The dynamic knee valgus during common athletic tasks has been postulated as a risk factor for knee injuries [15,16], and can be assessed using a number of different screening tests [2,4,7,8]. The majority of previous investigations have recorded and assessed the lower limb kinematics through a 3D video. However, recent studies have started to incorporate 2D video analysis, due to its availability and ease of use [10]. The validity of 2D video analysis assessment for FPPA, compared with 3D analysis, has previously been established [3,17] so the method does provide a viable alternative. There has been a lack of the reliability data from 2D video analysis when measuring variables, such as the knee valgus angle during a horizontal hop for distance, and in the crossover hop test, despite them forming the core of many return to sport criteria.

The current study’s principle objective has been to evaluate the between days reliability of 2D video analysis of FPPA on each of the 4 landings during crossover hop tests, with the analysis of FPPA being shown to be reliable by good or excellent ICC values. These results provide addition evidence about 2D video analysis reliability, the practical use of this method will be enhanced for the future.

The current study’s findings highlight that moderate ICCs during the 4th landing for both legs, which were the final landing during the crossover hop test (ICCRT = 0.51; ICCLT = 0.59), showing that the FPPA during the final landing was the most inconsistent, this might be related to fatigue and requires further study. Similarly, the right leg showed noticeably increased FPPA on the 1st and 3rd landings, this may relate to poor control of motion in that particularly direction by that limb, again this requires further study to clarify the exact reasons.
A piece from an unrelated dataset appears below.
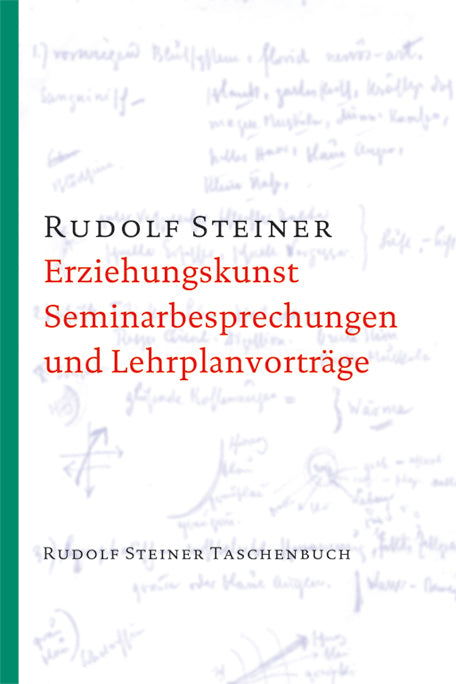 Erziehungskunst, Seminarbesprechungen und Lehrplanvorträge (Rudolf Steiner)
It remains unclear whether age or participant’s degree of physical fitness can influence FPPA. Thus, the findings may not be transferrable between professional competing athletes, injured individuals, or to differentiate between adolescents and older people, which creates the necessity for continual research through different populations.

Practical Applications

Most of previous studies measuring knee valgus angle (FPPA) involved several types of tests or landing tasks. This is the first study to assess FPPA during landing whilst undertaking a frequently used FPT such as crosses over hop. The strong reliability and relatively low SEM may make it possible for researchers to use one task, such as a crossover hop test to assess knee valgus angles and the functional performance at the same time, which will ultimately save athletes and researcher’s time, as well as create fatigue reduction from over testing.